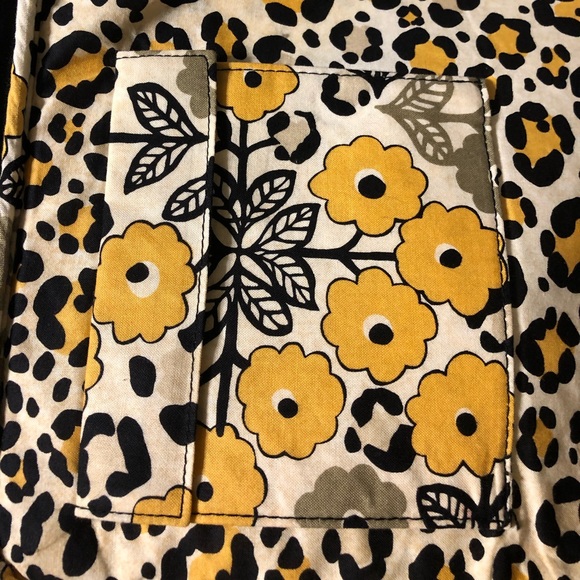 Vera Bradley set (laptop case & wristlet) - Picture 4 of 7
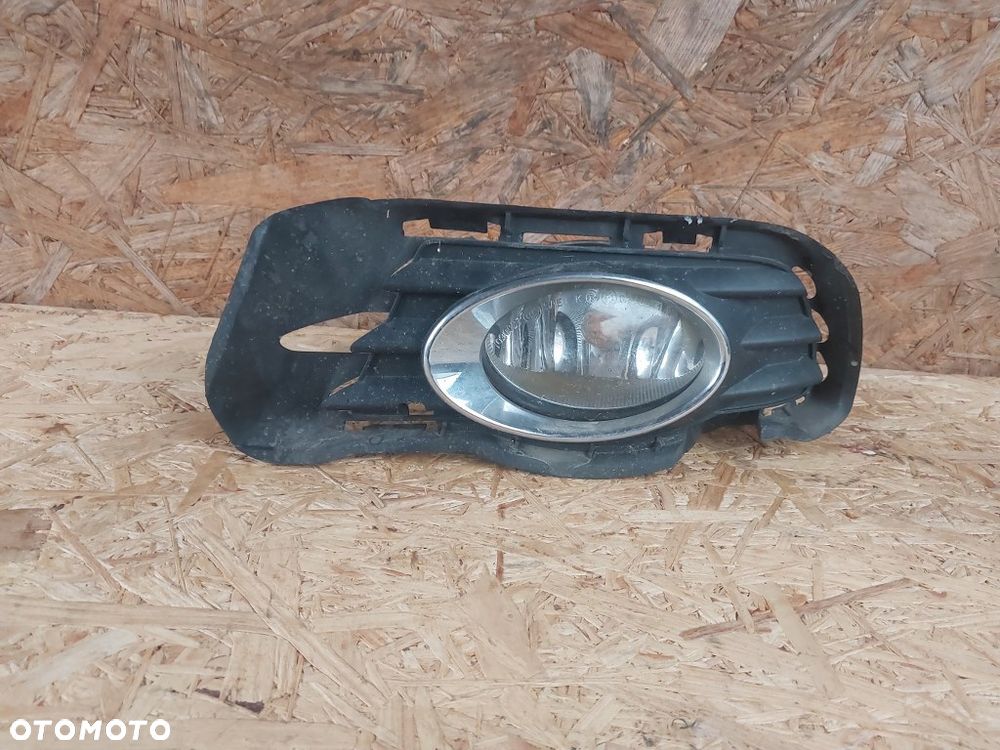 halogen przeciwmgielny lewy przedni przód mocowanie mercedes W169 A-klasa 0305077001 A1698201556 - 1
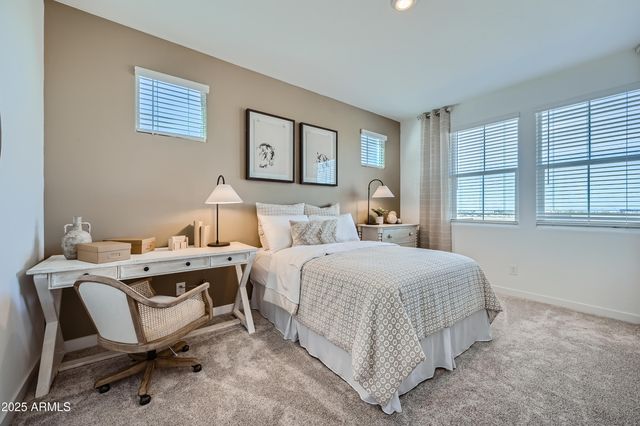 10154 E ULYSSES Avenue, Mesa, AZ 85212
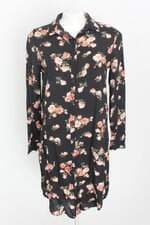 camisa forever 21 feminina preta floral com fenda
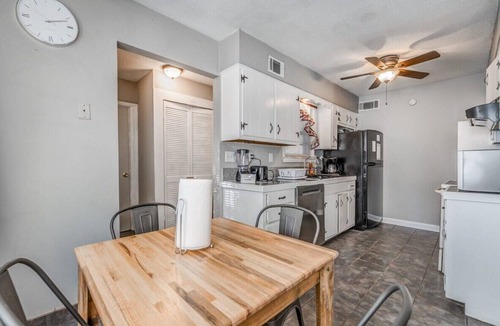 Ellendale House | Mins from Parks, Hiking, & Dining- Brick Bungalow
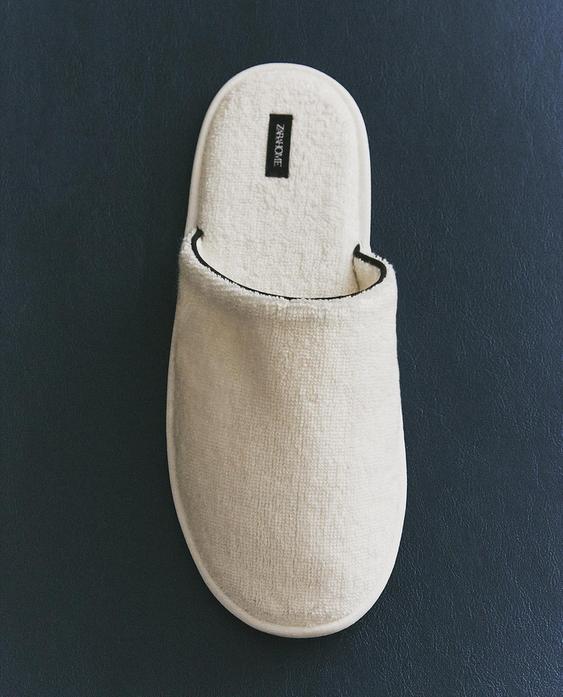 ZAPATILLA TOALLA BAÑO ZAPATILLA TOALLA BAÑO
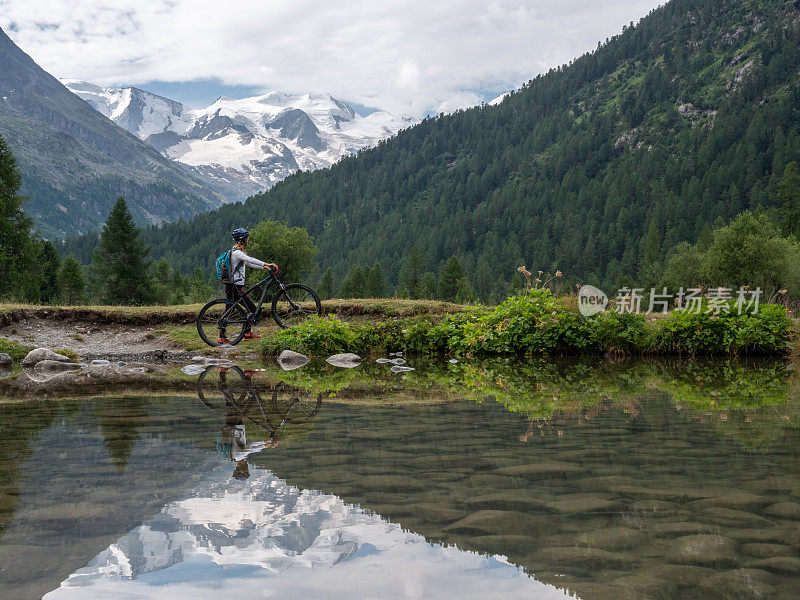 在瑞士骑山地车，湖上的倒影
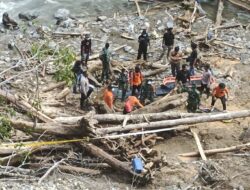 Hari Ini Tim Gabungan Temukan 6 Korban Banjir Bandang di Pegunungan Arfak, Pencarian Dilanjutkan Besok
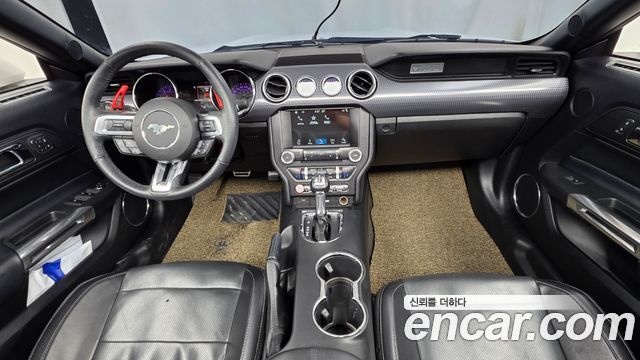 Ford Mustang 2017 — photo 10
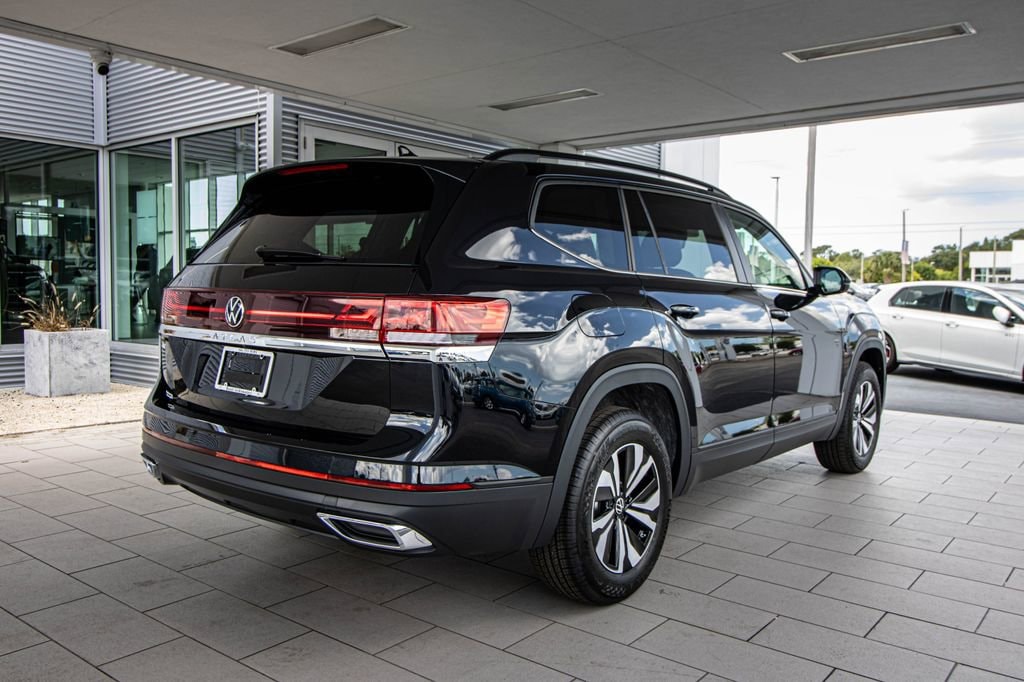 New 2026 Volkswagen Atlas 2.0T SE SUV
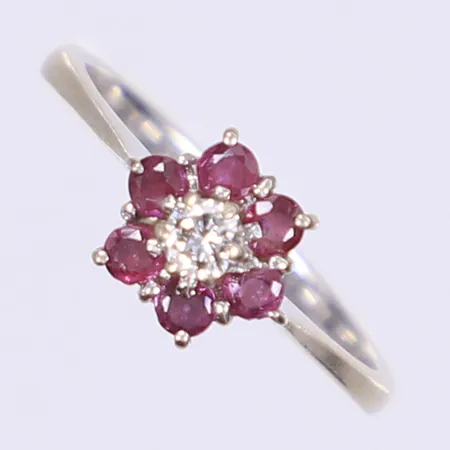 Ring med röda stenar samt diamant 1xca 0,10ct stl:16½ bredd 2-8mm, vitguld, 18K  Vikt: 2,4 g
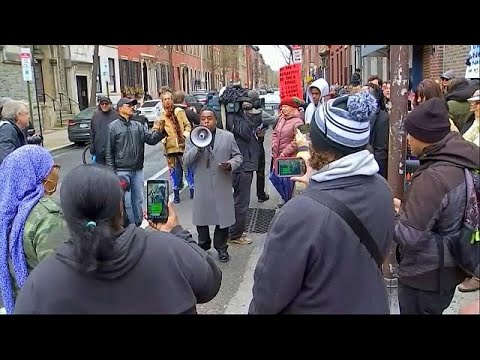 شاهد اتهامات بالعنصرية بعد توقيف أشخاص سود في ستاربكس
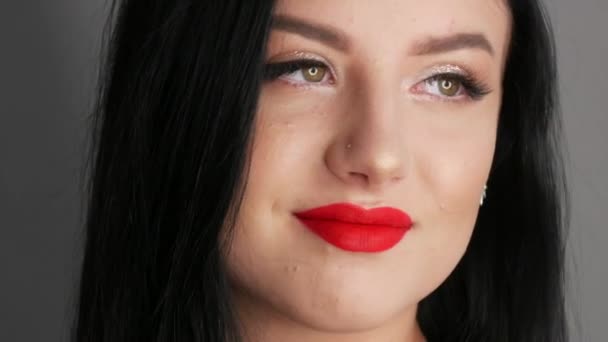 Close Uitzicht Mooi Meisje Model Met Grote Lippen Beschilderd Met — Stockvideo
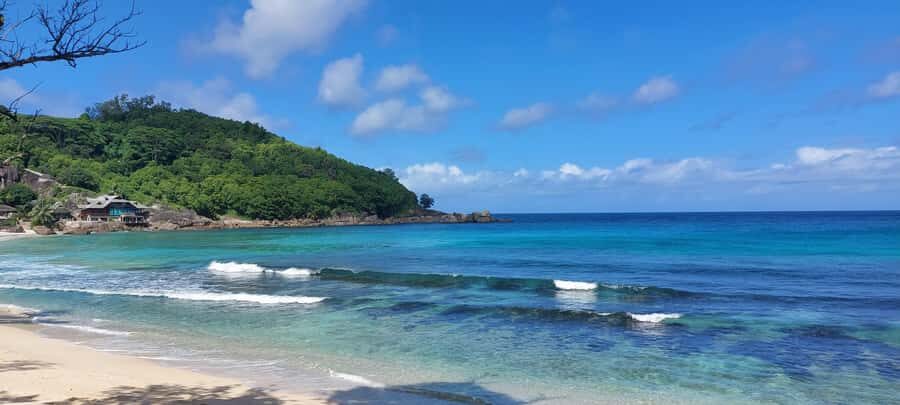 Tour Mahe Seychelles your way. Victoria national park beache - Starting with Victoria: market, clock tower, temple, cathedral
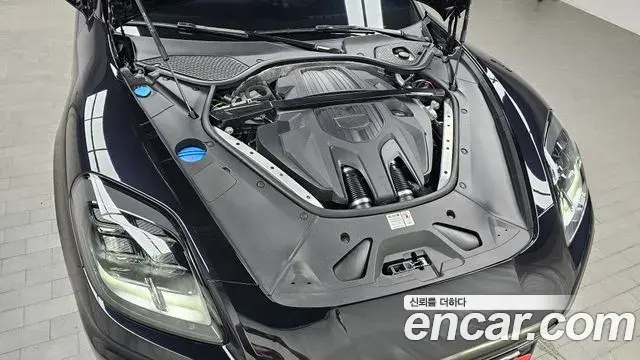 Porsche Panamera 2024 — Photo 12/31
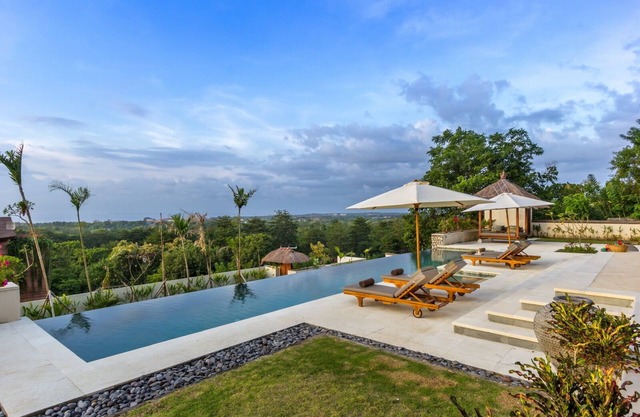 Luxury 2BR Villa W/MAGNFICENT Ocean Views, Uluwatu - 2Min Drive To The Beach!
+++++
PROBLEM STATEMENT:
Transcribe exactly the lines from the one holding "Ford Mustang 2017 — photo 10" through the final line of the material above, both ends included; any pictures should be dropped.

THE COMPLETED TASK:
 Ford Mustang 2017 — photo 10
 New 2026 Volkswagen Atlas 2.0T SE SUV
 Ring med röda stenar samt diamant 1xca 0,10ct stl:16½ bredd 2-8mm, vitguld, 18K  Vikt: 2,4 g
 شاهد اتهامات بالعنصرية بعد توقيف أشخاص سود في ستاربكس
 Close Uitzicht Mooi Meisje Model Met Grote Lippen Beschilderd Met — Stockvideo
 Tour Mahe Seychelles your way. Victoria national park beache - Starting with Victoria: market, clock tower, temple, cathedral
 Porsche Panamera 2024 — Photo 12/31
 Luxury 2BR Villa W/MAGNFICENT Ocean Views, Uluwatu - 2Min Drive To The Beach!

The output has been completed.